Things are completely different now. I know that sex on demand is no longer possible for me. For some reason that fact causes me to think about getting off much more than before enforced chastity. It isn’t as though I don’t get sex. Mrs. Lion is very generous about giving me orgasms. It’s just how I react to being caged. Before starting enforced chastity, the idea of being locked up in a chastity device would turn me on. So, when I thought about being unable to get hard, I got hard. Now that I am locked up, I think more about getting off. What can I say?

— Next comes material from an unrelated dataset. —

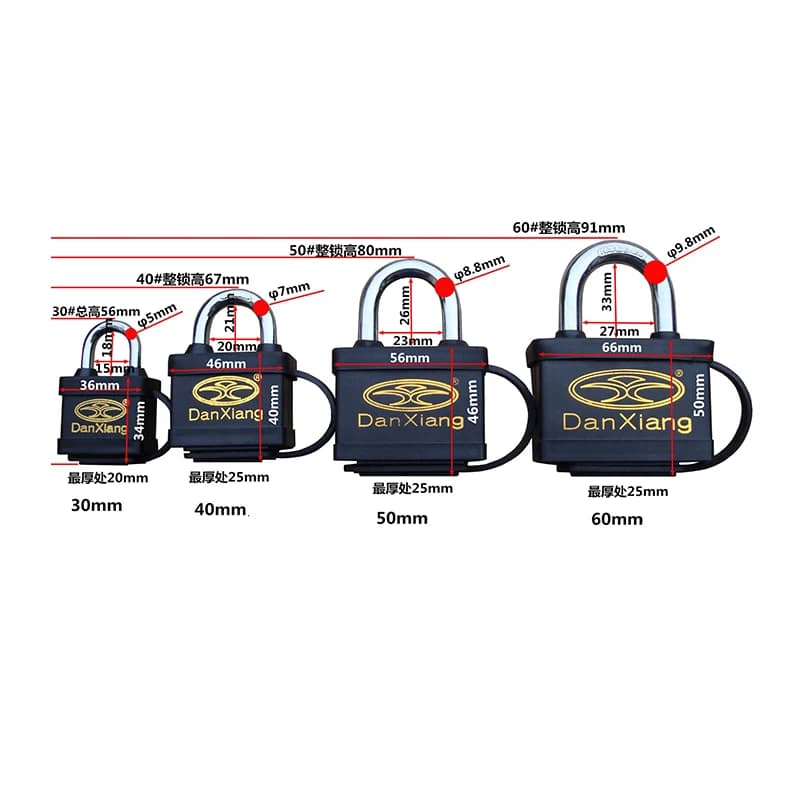 Cadenas étanche de 30mm pour l'extérieur, serrures de sécurité revêtues de caoutchouc noir, cadenas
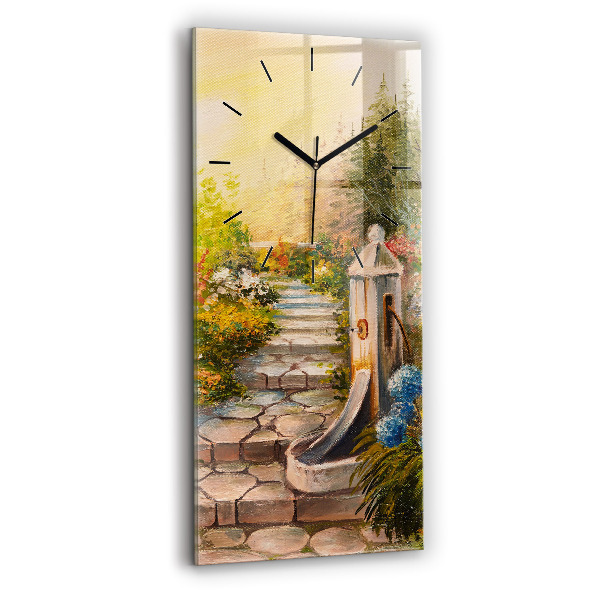 Modern vertical wall clock Oil composition in the forest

Many years ago when I first learned about enforced chastity, I was more surprised at my reaction to it than I was to the idea itself. I had never considered that there such a thing as enforced male chastity. As soon as I discovered it, I had to learn more. Now over 15 years later, I am locked in a chastity device.
Logically, my reaction makes no sense. Well, actually it does. I also get turned on by bondage. Tie me spread-eagle to the bed and I am hard before the last cuff gets fastened. Something about losing control turns me on. Not being able to have sex makes me want it more. It’s like saying, “Don’t think about chocolate cake.” What are you thinking about? You get the idea. I’ve been turned on by this from childhood. Long before I had any idea what was happening, I would get hard thinking about being tied up.
It could be that enforced chastity has that same appeal. My penis is helpless; trapped inside a steel cage. No matter how much I want to be hard and to come, the cage prevents it. That is hot, isn’t it?